Analogue: Was the creative connection right there again, too? Beyond the brotherhood?

Matthew: Absolutely. On the previous record, we'd separately written the songs with the concept in mind. The only song on the previous record we'd written together was "Cars and History," I think. The insistence, and we both agreed it was important, this time was not to contribute to each other's instinct in an ethereal way but to get into a room and see what the songs were organically together.

Again, these are profound experiences that as humans that are creative, we get to have. Anything you say is not to kind of impose some import beyond what it is to experience that when you're sitting with somebody and a song goes from something that you would do that you know quite well to something that surprises you and has a certain ignition about it. Humans are at their best when collaborating. I really believe that. I guess painters are kind of singular, but everything else is collaborating with the environment or others.

Analogue: I want to go back real fast. When you first released the self-titled, what did you think was actually going to happen with that?

Matthew: [Laughs] We thought it was beautiful. And it was honest. We wanted it to inhabit people's lives—as many people as it could, with no notions of success or failure. There's a romantic notion that something that is beautiful makes life more beautiful, and that's always the engine.

Analogue: That's certainly what has driven you over the years.

Matthew: It is. Those kinds of romantic notions have to have a kind of amnesia because the world often has different plans. But the hope was that it would imbue some beauty into people's lives and that would be meaningful. And that was the goal with this, too.

Analogue: Does Neilson share that same romantic amnesia?

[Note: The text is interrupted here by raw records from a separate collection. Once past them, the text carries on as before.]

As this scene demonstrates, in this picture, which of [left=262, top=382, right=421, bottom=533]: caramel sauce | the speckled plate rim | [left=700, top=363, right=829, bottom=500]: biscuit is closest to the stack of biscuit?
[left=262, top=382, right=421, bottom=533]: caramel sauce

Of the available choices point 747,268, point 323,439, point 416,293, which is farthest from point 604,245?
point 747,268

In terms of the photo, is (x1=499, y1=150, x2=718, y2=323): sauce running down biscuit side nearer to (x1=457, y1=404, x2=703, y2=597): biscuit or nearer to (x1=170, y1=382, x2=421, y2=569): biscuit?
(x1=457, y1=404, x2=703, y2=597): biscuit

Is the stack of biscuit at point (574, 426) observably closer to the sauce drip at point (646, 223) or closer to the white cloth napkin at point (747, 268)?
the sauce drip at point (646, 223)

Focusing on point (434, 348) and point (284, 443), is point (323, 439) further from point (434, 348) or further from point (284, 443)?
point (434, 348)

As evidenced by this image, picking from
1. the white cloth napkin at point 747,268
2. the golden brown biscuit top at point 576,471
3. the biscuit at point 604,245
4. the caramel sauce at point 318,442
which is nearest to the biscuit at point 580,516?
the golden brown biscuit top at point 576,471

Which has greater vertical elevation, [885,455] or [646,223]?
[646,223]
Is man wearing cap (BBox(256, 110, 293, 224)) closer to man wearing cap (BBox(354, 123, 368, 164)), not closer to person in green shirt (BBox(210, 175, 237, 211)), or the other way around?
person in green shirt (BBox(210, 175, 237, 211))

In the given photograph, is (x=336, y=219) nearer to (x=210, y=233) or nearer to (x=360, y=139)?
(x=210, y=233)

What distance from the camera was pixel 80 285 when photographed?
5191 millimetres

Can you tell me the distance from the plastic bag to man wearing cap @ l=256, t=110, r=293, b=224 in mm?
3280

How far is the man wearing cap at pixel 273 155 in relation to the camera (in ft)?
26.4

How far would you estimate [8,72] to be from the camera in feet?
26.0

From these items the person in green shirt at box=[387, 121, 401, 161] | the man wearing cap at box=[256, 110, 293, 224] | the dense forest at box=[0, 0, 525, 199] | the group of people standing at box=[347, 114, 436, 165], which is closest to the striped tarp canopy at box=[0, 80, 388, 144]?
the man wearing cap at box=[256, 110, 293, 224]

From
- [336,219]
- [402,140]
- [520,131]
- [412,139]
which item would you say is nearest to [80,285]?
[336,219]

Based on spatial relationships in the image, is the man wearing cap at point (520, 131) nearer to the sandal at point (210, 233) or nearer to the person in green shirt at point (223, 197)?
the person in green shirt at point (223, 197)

Matthew: Absolutely. Neilson is now a cross-creative, if that's what you call it, in that he does photography and film and music and production and his own records. It's the act of creativity that should be the reason that we do it. This is something Neilson and I talk a lot about in that it's the only reason to do it, the sensation of doing that.

Analogue: Was it real clear to you as you got back together how Neilson's other experiences or disciplines had helped him grow or change as a songwriter?

Matthew: I think in some ways when you have that kind of intimacy of a deep friendship with somebody, you don't think about those things. But we both felt our experiences of all that's happened in the last 15 years would contribute to something beautiful. You go at these kind of things with a cocky humbleness. First you sit and write something and you're moved by it. You've recorded it on your notes or whatever and you play it back and you can hear what needs to happen. That's what compels you and pulls you forward.

Analogue: What's on the horizon for you after this, Strays or otherwise?

Matthew: We're really in such a strange time. A lot of the rituals that we've known are on pause, and they should be. We have a responsibility to not encourage a bunch of people to get into a room right now. So I have a record of my own written. I have to wait to make a record with a bunch of people in a room, so I'm waiting on that. I've been learning piano in more detail in this time, which I know is a tremendous privilege. But I am grateful for the time because I don't know that I would have sat at the piano if not. So I've written an EP of songs I wrote on the piano I'm about to mix.

To be honest, I want our old lives back with a new commitment to them. But I don't know that I would have ever had the time or patience to ease into my creative life in this way without this horrible thing we're going through. I don't by any means suggest I'm grateful for what we're going through, but I guess I'm relieved with what I've chosen to do with the time made available. So there's the piano EP and then I would assume that Neilson and I will also hunker down in the early part of next year and write some more and see where that leads.